There are statistics from 2021 looking at average weekly earnings. The full-time gender pay gap sits at 14.2, with women earning on average $261.50 less than men, with women spending on average 32 hours a week on household labour—and with 85 per cent of that household work and caring for children done by women—compared with just 19 hours for men.

The 2021 Family and Domestic Violence Leave Review found coercive control, which I have alluded to, in particular played a significant determining factor in women experiencing family and domestic violence. Victims opted for casual work due to perpetrators discouraging or preventing family and domestic violence victims from obtaining full or part-time work.

For these reasons, it is critical that these provisions cover casual workers, as I said, particularly where victims of family and domestic violence are in the process of leaving an abusive situation or at ongoing risk from perpetrators but, also, more broadly in the context of looking at all these issues in a holistic way. A failure to do so would, of course, have the potential to undermine the ultimate purpose and policy objectives of the bill: to ameliorate further financial difficulties for workers seeking to manage and exit family violence situations.

The government has sought to strike the right balance with the provisions relating to casual workers, as I have said. I think the one question we probably all asked at the briefing was why, in terms of the federal legislation, we have a situation where there are 10 days federally and 15 days in this bill. I think we are all delighted to know that that is purely because a determination had already been made in South Australia by the Commissioner for Public Sector Employment, first in 2015 and I think again in 2018, that in this jurisdiction—well before any federal amendments were anticipated—we would provide 15 days of special leave for public sector employees who are subject to family and domestic violence.

It does seek to stay in keeping with the determination that is already in place. If we simply adopted the federal position, we would actually be going backwards in terms of the situation that public sector employees have found themselves in in recent years as a result of that determination by the commissioner. I think that is a really important point to make in terms of the distinction between this bill and the federal bill and why we have stuck to the 15 days.

I think also it is important just to highlight that leave will be broadly available to all of those employees, regardless of the length of service that they have undertaken. It does not matter if you have been there for a short period or a long period or something in between, which would obviously serve to benefit those people who have not been in the job for very long.

I am pleased that the bill takes consideration of the definition of domestic and family violence from the Intervention Orders (Prevention of Abuse) Act 2009 to ensure the intention to expand the relationships that may give rise to family and domestic violence for the purposes of leave entitlement encompass psychological and emotional complexities that exist in such matters. We know that all too often they are the overwhelming factors that victims of this behaviour are faced with and the ones that are also more likely in many cases to prevent them from being able to attend work and do their normal duties.

With those words, I again echo the sentiments of my other honourable colleagues in this place and look forward to seeing the passage of this important piece of legislation and look forward to it being accompanied by a number of other equally important pieces of legislation, all aimed at addressing the same issues which we have highlighted today.

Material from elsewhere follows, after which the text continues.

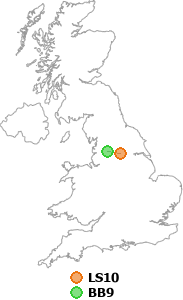 map showing distance between LS10 and BB9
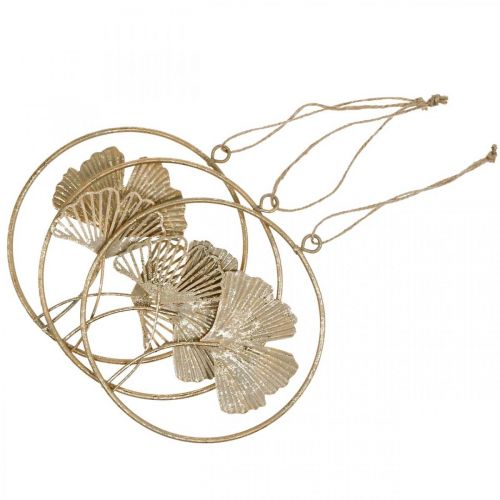 Produkt Ozdoba miłorzębowa złoty wieszak vintage dekoracja metalowa Ø16cm 3 szt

The Hon. R.P. WORTLEY (17:04): I rise to support this bill today. The bill introduces a new minimum employment condition for public sector and local government employees of 15 paid days of family and domestic violence leave each year. The bill also amends the objects of the Fair Work Act to include promoting and facilitating gender equity to ensure this is taken into account by the South Australian Employment Tribunal when determining future industrial entitlements. This follows the 10 days of paid family and domestic violence leave introduced for private sector employees by the Albanese Labor government last year. This came into effect from February 2023.

Family and domestic violence leave can be used for any purpose relating to the worker experiencing family and domestic violence, including but not limited to attending medical appointments, court proceedings, receiving legal advice and relocating residences. This leave is an important safeguard to make sure that people attempting to escape family and domestic violence situations do not have to choose between their safety and independence on one hand and their economic security on the other.

Addressing domestic and family violence is one step towards closing the gender pay gap, as women who experience violence are more likely to fall behind in their careers into low-paid and casual work or out of the workforce entirely. A worker should not suffer financial disadvantage for choosing to access these entitlements. That is why, unlike other leave entitlements, family and domestic violence leave is calculated, including any penalty rates or overtime payments a worker receives. This is also why this leave is available to all employees—full time, part time and casual.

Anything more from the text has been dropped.